I would say I learned more in the 2 years than I did 10 years as a Firmware
Engineer. But if I stayed my course just lurking in my old job I'd have been a
Firmware lead. I can't even get an intermediate development job now...

------
09bjb
Just came here to say that I think protecting your CV at all costs from any
kind of "gap" is some of the most overrated career advice out there. Take
risks, show some self-direction and self-respect. Companies and colleagues
will help you, but only you can steer the ship of your career trajectory.
Follow the currents underneath you at your own risk.

------
meuk
After my graduation, I planned to have some months off to work on hobby stuff,
and build a small portfolio with programming projects. Unfortunately, I wasn't
able to finish my thesis in time (which is my own fault, but at my university
it was also business as usual to take more time than planned for your master
thesis). I already had a job and didn't have any time off between my thesis
and working (in fact, I started working before I even graduated).

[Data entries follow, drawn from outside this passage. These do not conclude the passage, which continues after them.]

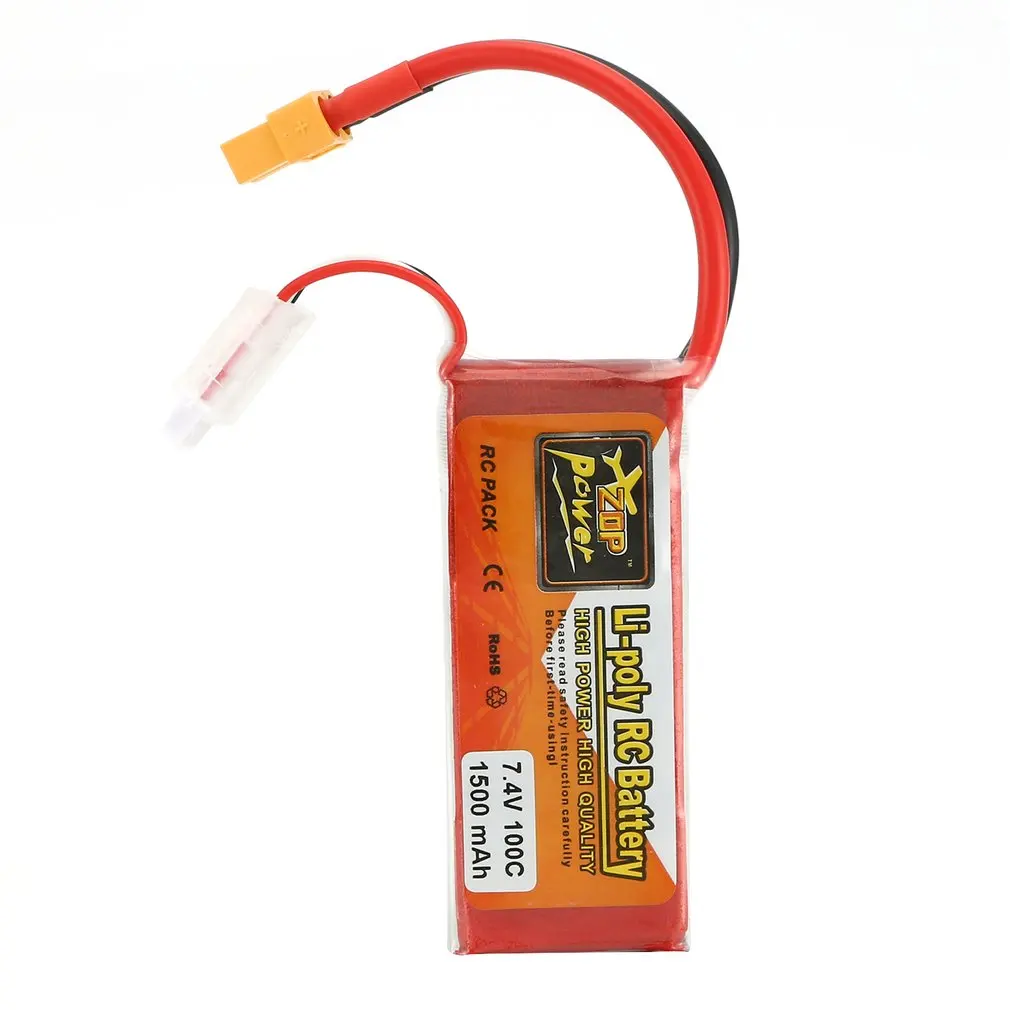 

ZOP Power 1500MAH 100C Lipo Battery XT60 Plug Rechargeable for RC Racing Drone Helicopter Car Boat Model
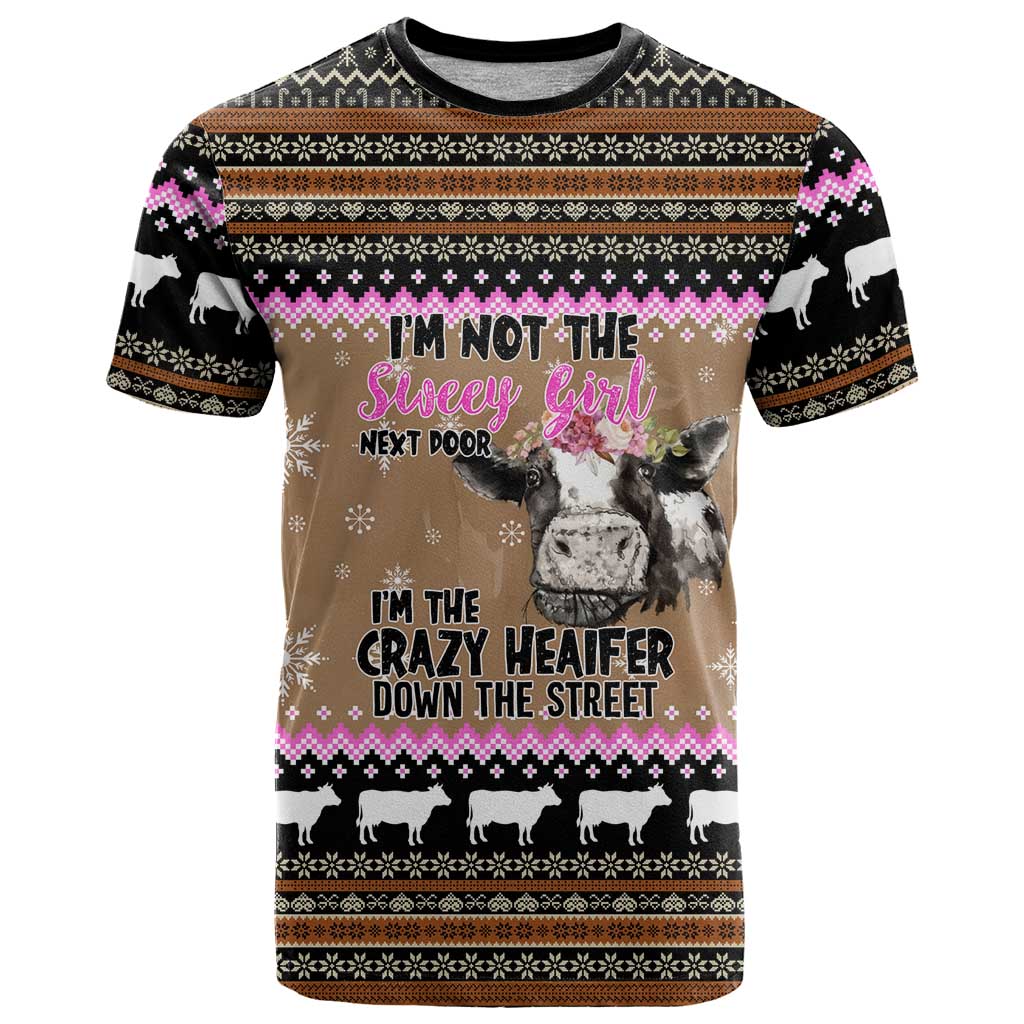 The Crazy Heifer Christmas T-Shirt Xmas Holiday Patterns Graphic Tee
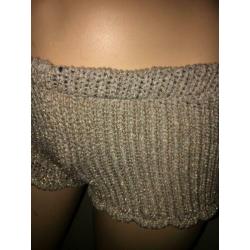 Kontatto korte broek shorts goud goudkleurig gehaakt maat S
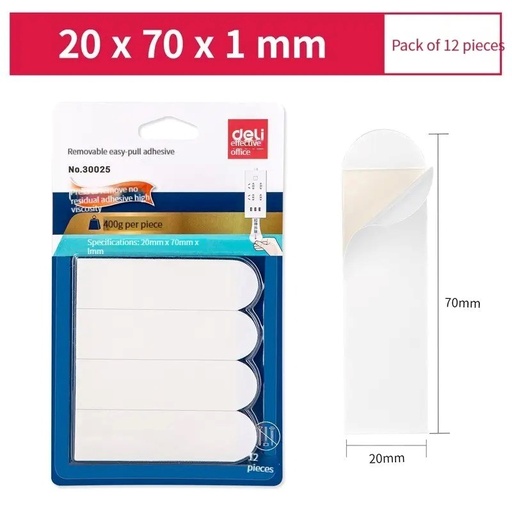 [30025] Lot de 24 rubans adhésifs double face Deli 30025 - Haute qualité - 18 mm x 10 m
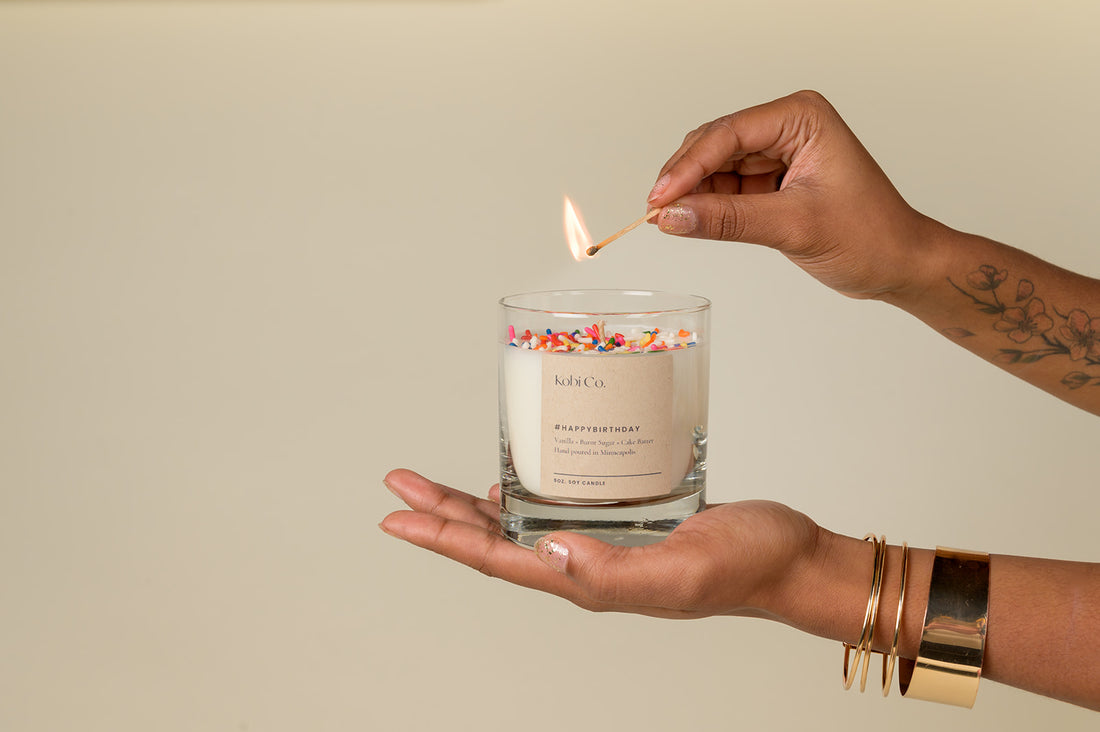 #HappyBirthday Gift Set (9 oz. candle,  Bath Bomb, Matches + Card) - Kobi Co.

I should have spent some more time on job hunting, in retrospect. At my
current job as a consultant I am back-end code-monkeying in a large team where
most developers don't have a technical background - it's not very challenging
from a technical perspective (even though I like the working environment in
other aspects). My current employer pushes me to get certified for some front-
end technologies, which I don't find interesting (and have no value for the
gig I'm currently assigned to).

My true interest are OSes, drivers, optimization, FPGA's, electronics,
compilers, assembly, microcontrollers, graphics... But I can't seem to find a
job in that field, mostly because I don't have work experience in those
fields. I also have a tendency to be very humble about my experience, which I
think is a good thing in general, but I think sometimes people wrongly
classify me as 'very junior'. On top of that, everybody seems to be looking
for C# programmers, but the pay seems to be a bit lower in more technical
fields. I don't care that much about my salary, but right now I am the one
with literally the best background (4 academic studies), and the lowest income
(basically every time I talk about it with someone, he/she goes "hm, that's
pretty low"). I have had some good offers (about 15% more than I currently
earn), but they came with a traineeship which seemed not very challenging and
would force me to stay with that company for 2 years.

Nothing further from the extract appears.